Fraser’s piece about Louise Colet, on the other hand, first published in Vogue as a review of Francine du Plessix Gray’s 1994 biography, is the kind of self-affirming exercise in which the reviewer seems to be trying to wrest a subject from the author under review by displaying a more extravagant, and ultimately competitive empathy. Colet resented having to support herself by writing fashion copy for ladies’ magazines, an occupation she described as “promoting the inventory of department-store owners”— a dilemma that may hold special resonance for Fraser.

Fraser is very good on the subject of world-class viragos: “Valentina loved Venice and kept going there until she was in her eighties ... but now each passing year made her more of a trial to the management [of the Gritti Hotel]. . . . She tore up the sheets if she found them rough; she would dine on the terrace and express her dissatisfaction with the food by throwing her plate and her silverware into the Grand Canal. . . . On what turned out to be her last trip to Europe, she was dispatched in the care of a sensible-seeming nun, who sent a desperate ship-to-shore message from mid-Atlantic to say she couldn’t take it.” She is insightful about her three men—caustic about Matisse’s benign tyrannies and manipulations of the women surrounding him; approving of Vermeer, “The Poet of Everyday Life”; and sympathetic to Paul Scott, whose alcoholism prompts another melodramatically empathic outburst: “The disease of alcoholism is as patient as a tiger; it waits in hiding for its victims for years and years.”
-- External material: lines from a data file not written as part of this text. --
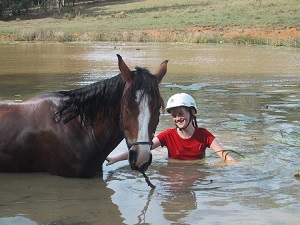 a kira benny dam fun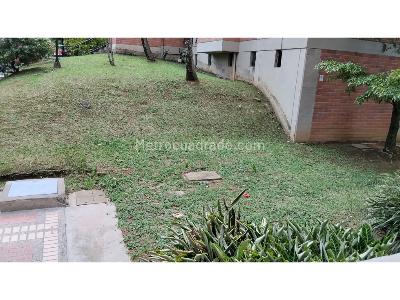 Apartamento de 3 alcobas en venta en Loma De Los Bernal, Medellín, 118 m² · foto 15 de 20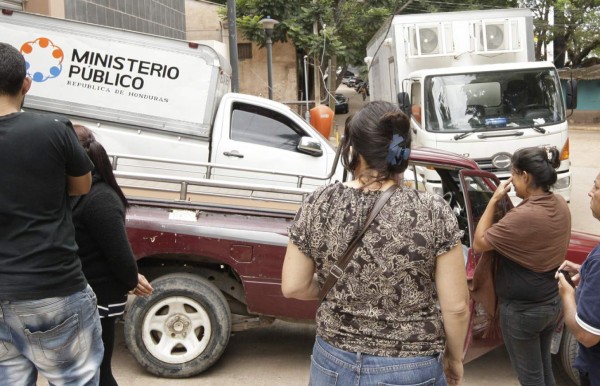 Por celos, un hombre asesina a su exmujer y a supuesto amante de ella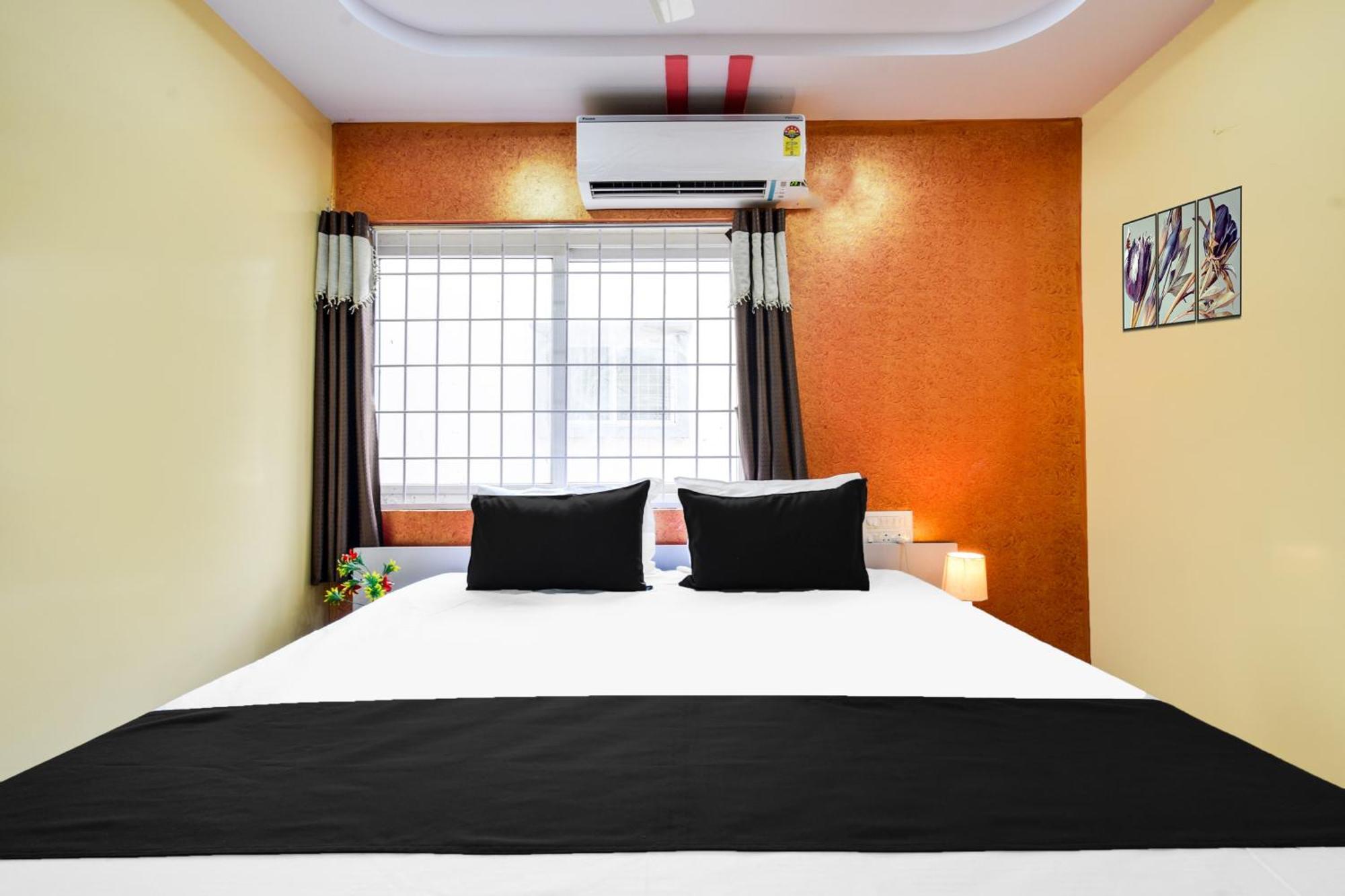 Hotel O Lucky Grand 하이데라바드 외부 사진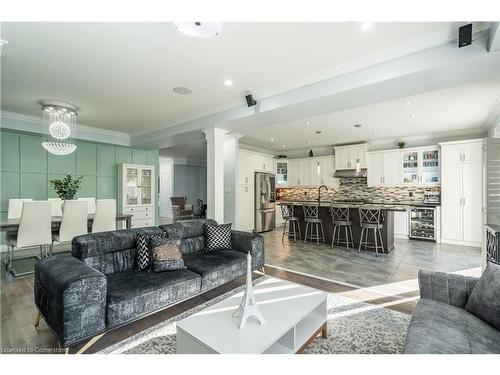 30 Ascoli Drive, Hamilton, ON - Indoor Photo Showing Living Room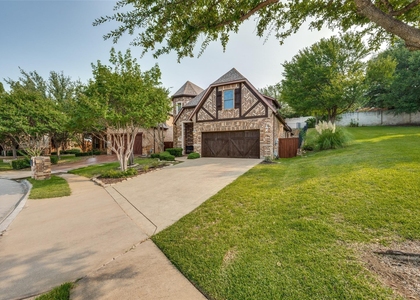 4046 E Hill Drive - Photo 1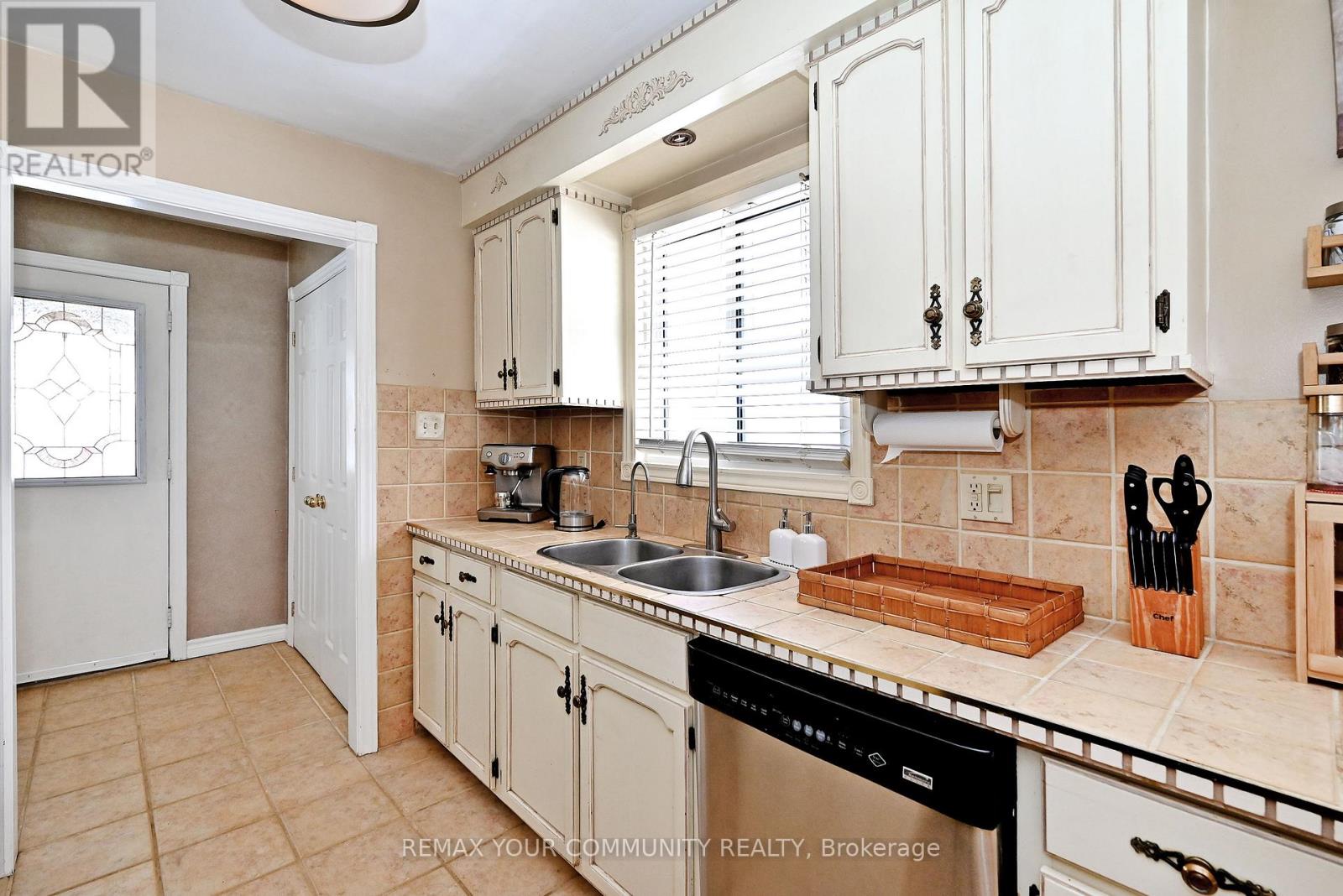 56 James Street, Bradford West Gwillimbury, Ontario  L3Z 2B4 - Photo 15 - N12895692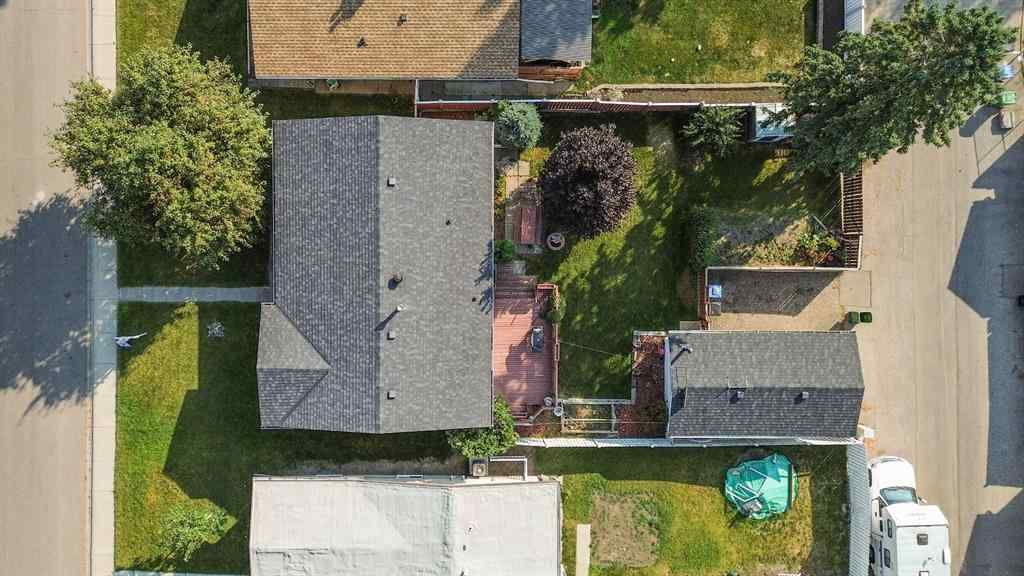 MLS® A2260198 - 23 Brazeau Crescent SW in Braeside Calgary, Residential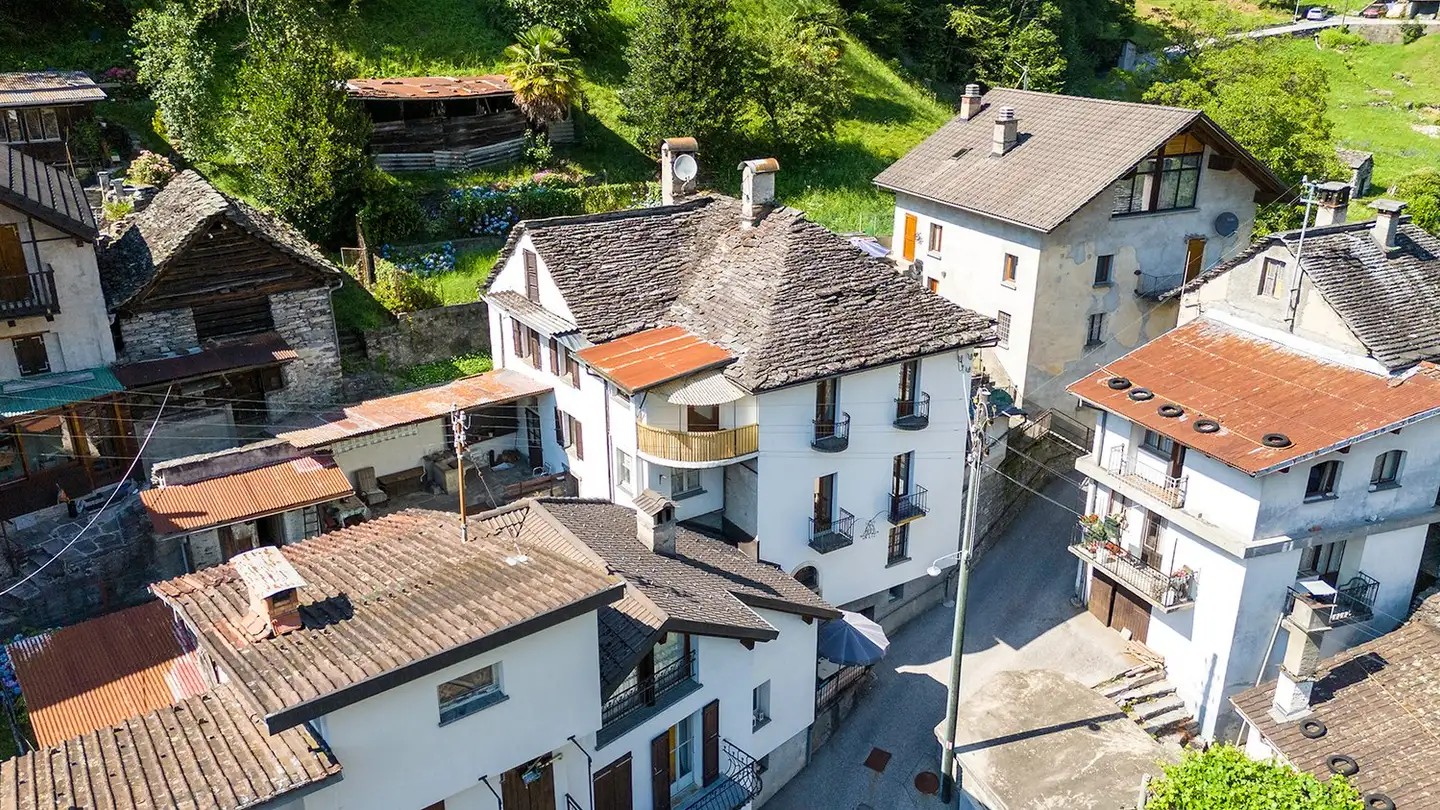 Single house for sale - 6692 Menzonio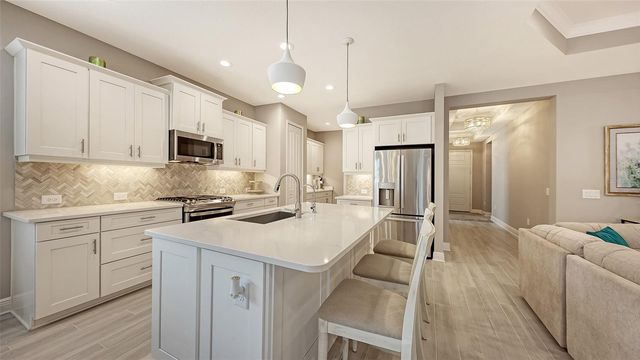 10193 CANAVERAL CIRCLE, Sarasota, FL 34241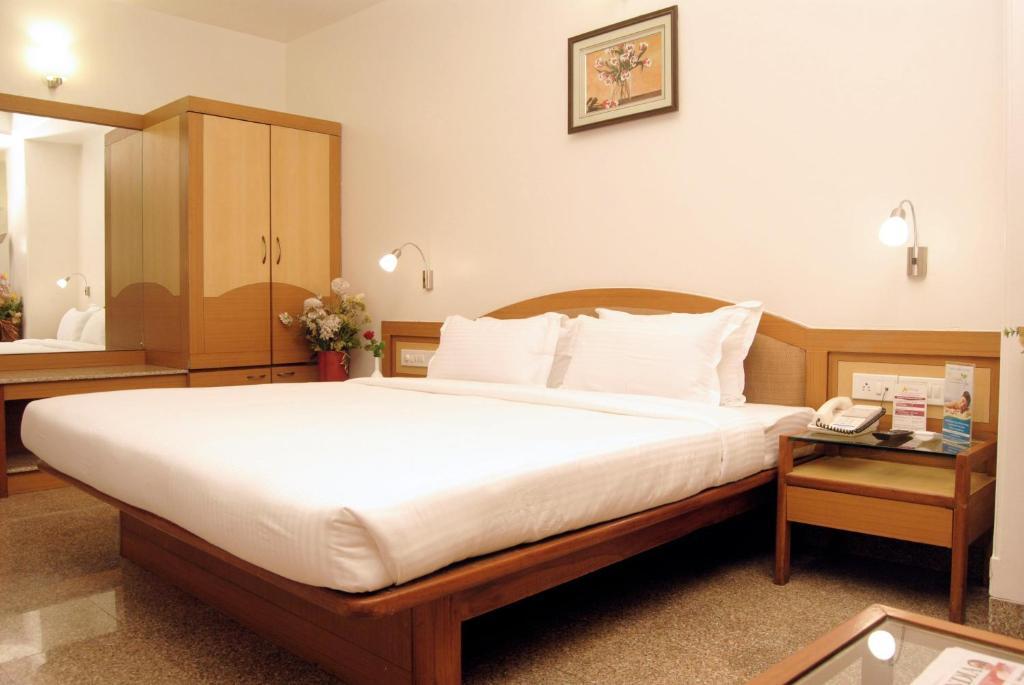 The Ambience Hotel Pune Quarto foto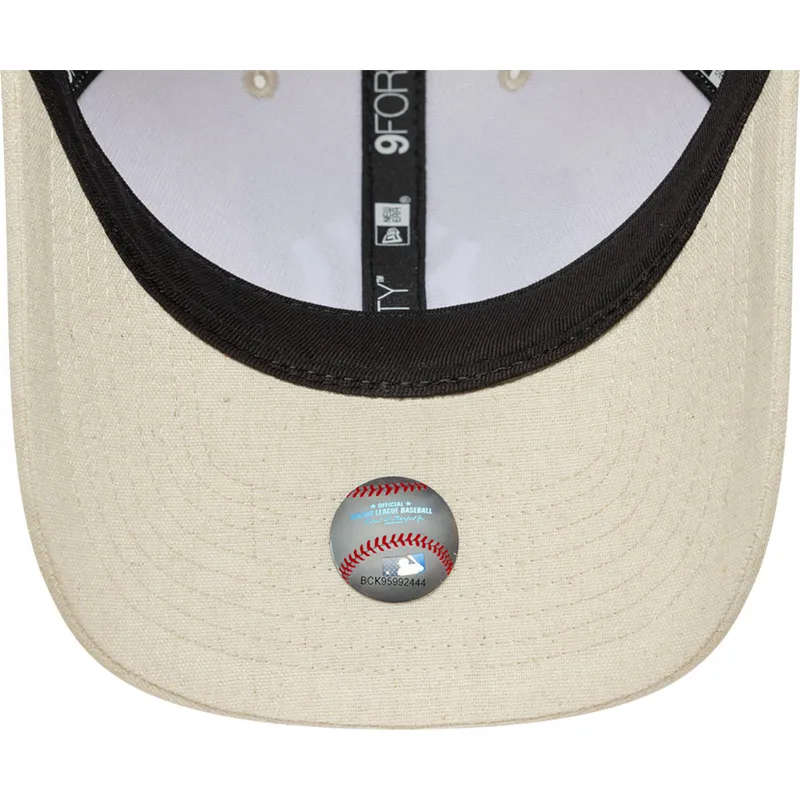 bezowa-zakrzywiona-czapka-snapback-9forty-m-crown-linen-new-york-yankees-mlb-new-era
But it is Germaine Greer—brilliantly unfettered, larger than life, and Australian—who most clearly wins Fraser’s rather genteel English heart. In Greer, she seems to have found both a sister in arms with whom to fight her oedipal battles, and a role model. “Demented Pilgrimage” is the title of Fraser’s passionate review of Daddy, We Hardly Knew You, Greer’s quixotic saga of unfulfillment. “Germaine Greer is a celebrity,” Fraser sees fit to remind us, and as such she appeared on a popular British TV show before embarking for her native Australia to begin searching for clues about her father’s fraudulent life: “Ten million viewers bore silent witness to the heroine’s departure and would be watching the shores for her safe return. Yet for a daughter searching for her daddy’s love, even from the other side of death, even ten million of the most benevolent and attentive viewers can never be quite enough.”

Lisa Liebmann writes regularly for Artforum.